Oui, j’étais très émue par l’accueil public, j’étais très stressée, j’avais peur. Un film, c’est beaucoup de travail, d’investissements. Donc cette présentation à Cannes, c’est la récompense d’un travail de longs mois, de longues années.

C’est vrai que toute petite déjà, vous vouliez mettre en scène et venir présenter un film à Cannes ?
Oui, depuis que j’ai dix ou onze ans, j’ai toujours rêvé d’avoir un film en compétition et de gagner Palme d’or ! J’ai une chance sur 22, on dirait… Je n’ai pas fait d’école de cinéma, mais j’ai toujours eu cette envie de filmer, de raconter des choses.
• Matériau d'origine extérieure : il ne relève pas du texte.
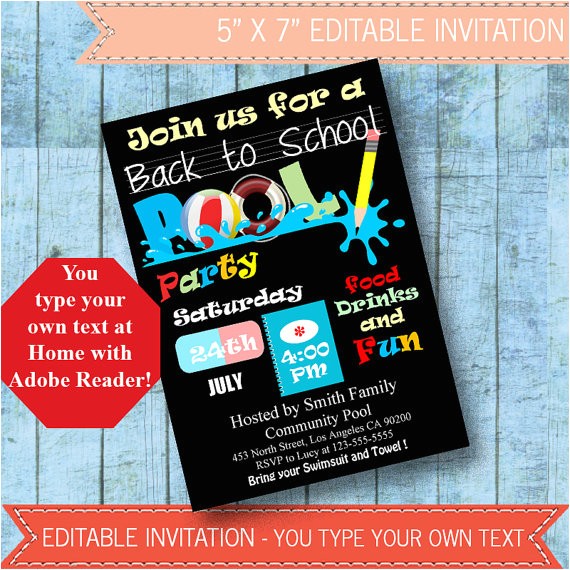 back to school pool party invitation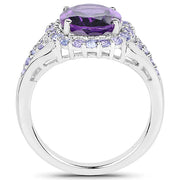 Bids.com 5.90 Carat Genuine Amethyst and Tanzanite .925 Sterling Silver Ring Rings White Smoke size 7.00,size 8.00,size 10.00,size 6.00,size 9.00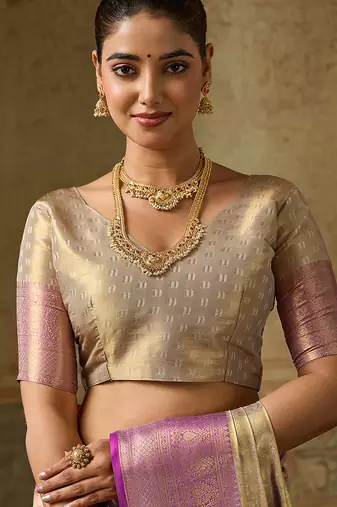 cream color beautiful woven designer partywear saree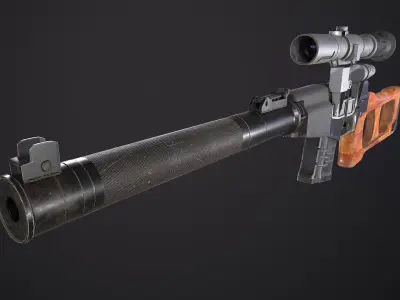 Russian  USSR sniper rifle VSS Vintorez Low-poly 3D model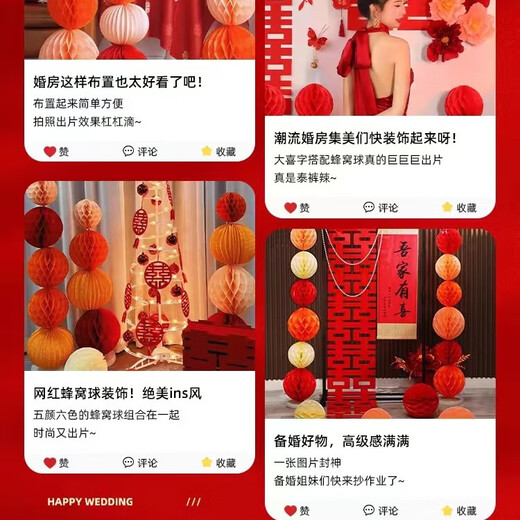 京唐婚庆节婚房布置套装结婚装饰蜂窝球立柱婚礼喜庆用品男女方订婚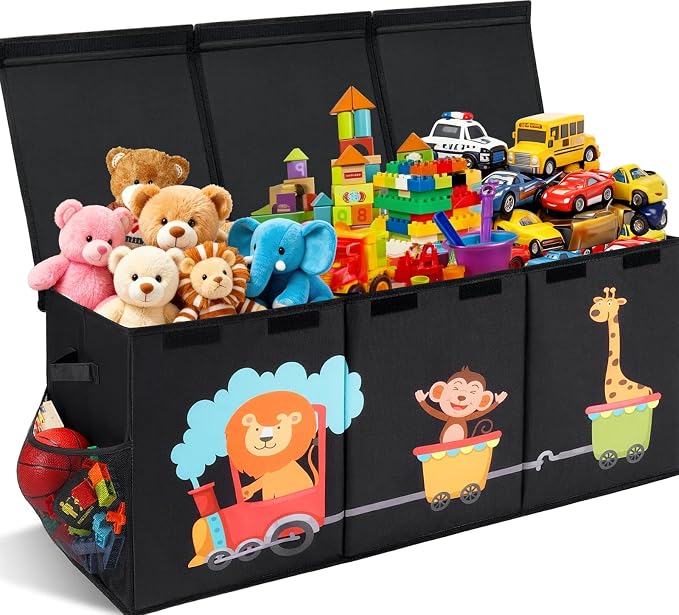 XL Toy Box - Toy Storage Bins with lids, Collapsible Toy Chest for Boys Girls, Kids Big Toy Organizer with Adjustable Dividers for Living Room Area, Playroom, Bedroom，38"x16"x14"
Je faisais déjà un peu de mise en scène à l’école, avec mes copines.

La première image de La Petite Dernière, c’est une jeune femme dans un espace réduit, quasiment un placard, devant un miroir. Le film est l’histoire d’une émancipation, de quelqu’un qui brise les murs. C’est votre histoire ?
Ce n’est pas mon histoire, mais il y a des points communs. D’ailleurs, tout le monde pourra plus ou moins s’identifier à ce personnage qui s’émancipe. Mon personnage principal est attirée par les femmes, depuis toujours, mais elle a du mal à l’accepter. Le chemin sera long. Est-ce qu’elle y arrivera ou pas ? Moi, ce qui m’a touchée, c’est l’universalité du propos, ce n’est pas seulement une histoire l’homosexualité, il y a plein de sentiments qu’on peut ressentir, des situations dans lesquelles on peut se retrouver.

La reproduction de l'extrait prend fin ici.